WHAT YOU HAVE TO DO:
Could you restate word for word the lines running from the one with "Champagne La Lune Moonlight Art Print" to the end of the data, both ends included, but without pictures?
• • •
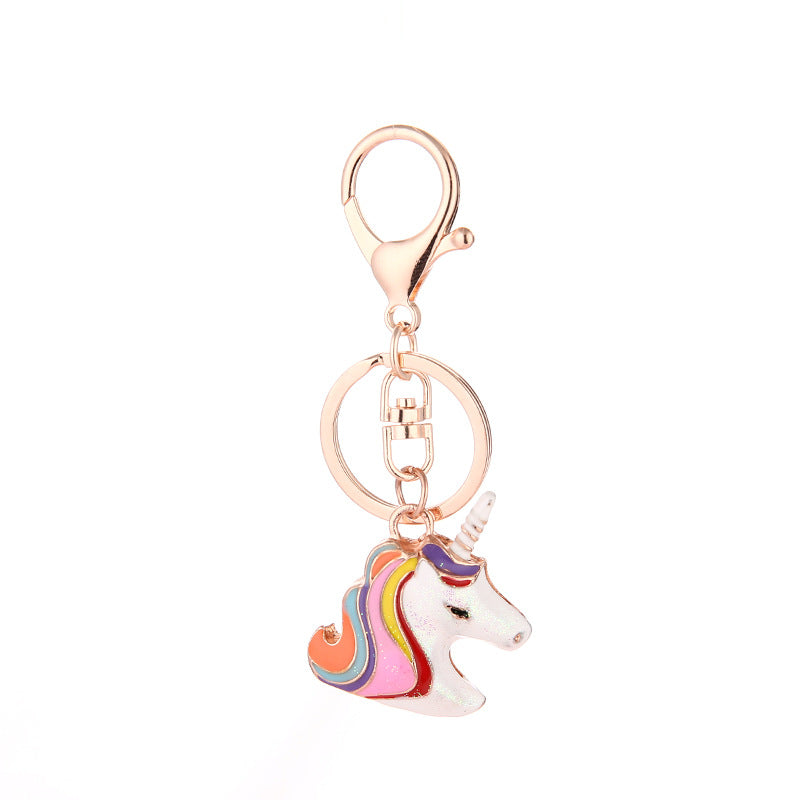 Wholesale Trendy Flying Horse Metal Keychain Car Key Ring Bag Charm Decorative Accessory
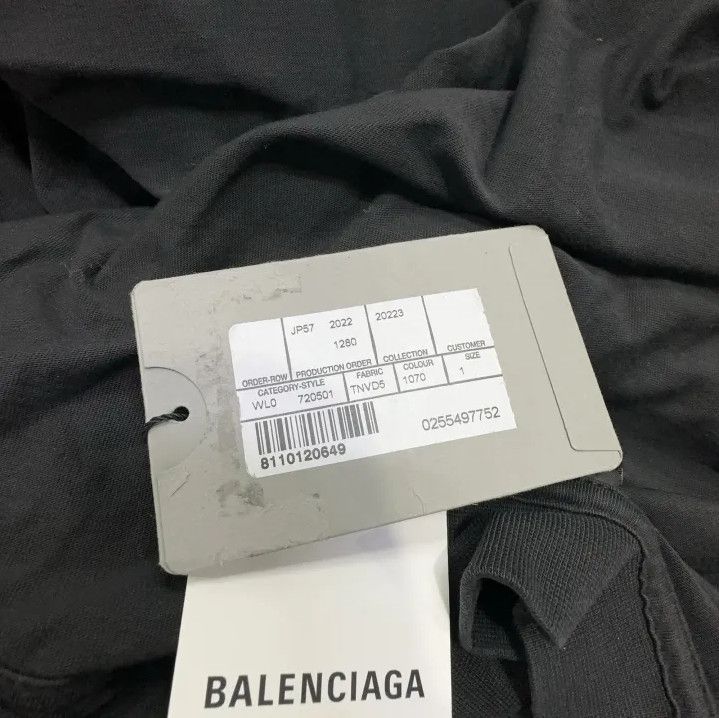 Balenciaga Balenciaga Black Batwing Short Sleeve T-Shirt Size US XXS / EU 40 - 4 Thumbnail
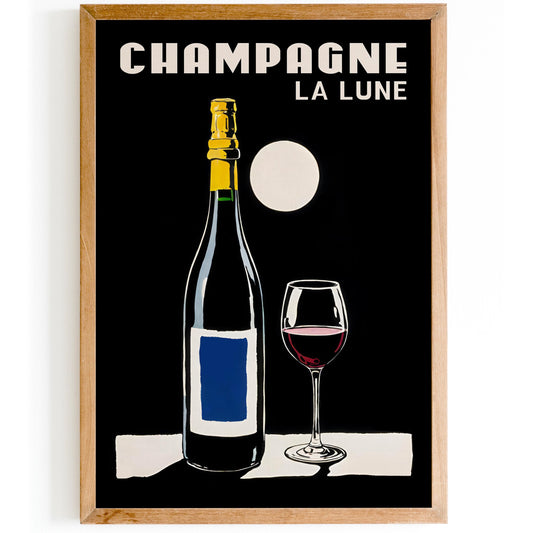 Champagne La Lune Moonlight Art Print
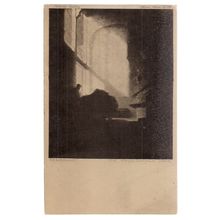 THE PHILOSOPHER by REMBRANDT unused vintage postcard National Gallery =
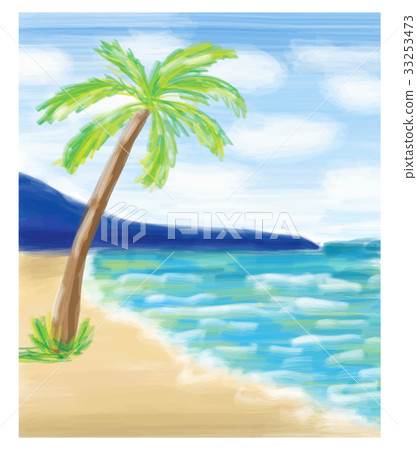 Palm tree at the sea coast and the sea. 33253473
• • •
RESPONSE FOR THIS EXERCISE:
 Champagne La Lune Moonlight Art Print
 THE PHILOSOPHER by REMBRANDT unused vintage postcard National Gallery =
 Palm tree at the sea coast and the sea. 33253473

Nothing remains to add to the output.